Ghost Rider: Spirit of Vengeance Review

Mike Kimball

Guest Writer


In an age of prequels, sequels, and reboots, stale storylines involving comic book characters have been resurrected by noted directors, such as Christopher Nolan (the “Batman” trilogy) and Zack Snyder (the upcoming Superman reboot, “Man of Steel”). The original film, “Ghost Rider,” was panned by critics and scoffed by fans of the Marvel Comics character. In an effort to resuscitate the demonic rider, Mark Neveldine and Brian Taylor wrote and directed the sequel, “Ghost Rider: Spirit of Vengeance.” The directors have displayed an aptitude for bringing outrageous characters and narratives to the screen, displayed in their quirky, frenetic, R-rated “Crank” films. This change in direction provided hope for those who thought the original film wasn’t dark and violent enough. Sadly, in a desire to appeal to a mass audience, the film comes off as confused, hammy, and low-budget.

The storyline is simple enough: Johnny Blaze, played by Nicolas Cage, is a former motorcycle stuntman who made a deal with the devil to save his ailing father. In the midnight hours, he transforms into Ghost Rider, a motorcycle-driving, flaming-skulled vengeance demon that delivers guilty souls to Hell. That’s all you need to know. The narrative thumps along at such a slow pace that it’s hard to care about the characters or the plot. In addition, the film can’t decide whether it wants to be a quirky, crazy action film or meaningful character investigation, both of which it fails to achieve. If the directors had decided to make a simple, dumb action flick, like “The Losers” or “Red” (both based on comic books), it may have been watchable. Unfortunately, in a film that’s 95 minutes long, relevant action sequences only account for about 15 minutes. These scenes are rather interesting, displaying the same type of frenetic energy reminiscent of “Crank.” In fact, Ghost Rider’s new ability to invest machines with his Hell powers made me smile. Yet these sequences are too brief and feel strangled by the film’s PG-13 rating and low budget.
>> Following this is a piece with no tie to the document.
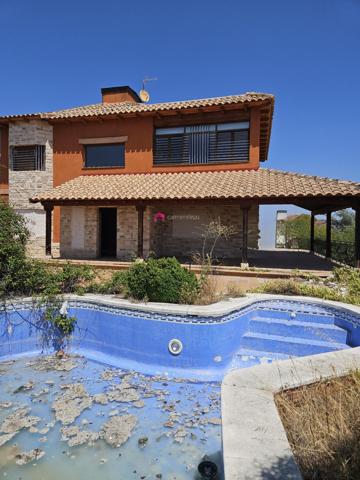 MAGNIFICA VIVIENDA UNIFAMILIAR EN VALDEMORILLO photo 0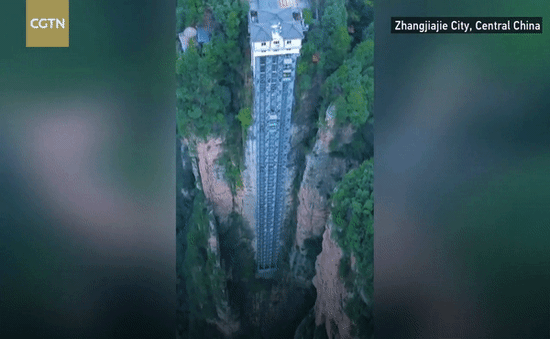 Thang máy ngoài trời bên vách đá cao nhất và tốc độ nhất thế giới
These fleeting moments of fun are interspersed with one-note characters, over-explanation of the plot, cheesy puns and Nicolas Cage. Cage’s acting skill ranges from his monotone delivery of dialogue, insane shouting when he’s trying to contain the demon inside, and maniacal laughing when he’s. … well, when the directors decided the film was getting boring.Cage is surrounded by talented actors, including Idris Elba (“The Wire,” “Thor”) and Cirián Hinds (“Rome,” “Munich”). Sadly, both seem to be delivering the worst performances of their careers, possibly advised to refrain from overshadowing Cage. Elba plays the stereotypical wine-drinking Frenchman who’s only point in the film is to provide fortune-cookie wisdom, while Hinds plays the “devious” Devil, whose part could have been played by cardboard. Maybe I shouldn’t judge Elba and Hinds harshly, as their performance is most likely due to an underdeveloped script, written by directors who hoped the CGI would save their film. The CGI is all right, but doesn’t deserve the sloppy, converted 3-D treatment.

Unfortunately, the character of Ghost Rider, like “The Punisher,” seems destined to remain in the comic book medium. Use the $10 to buy a Ghost Rider graphic novel; go to the source material, and stay away from this tedious mess of a film.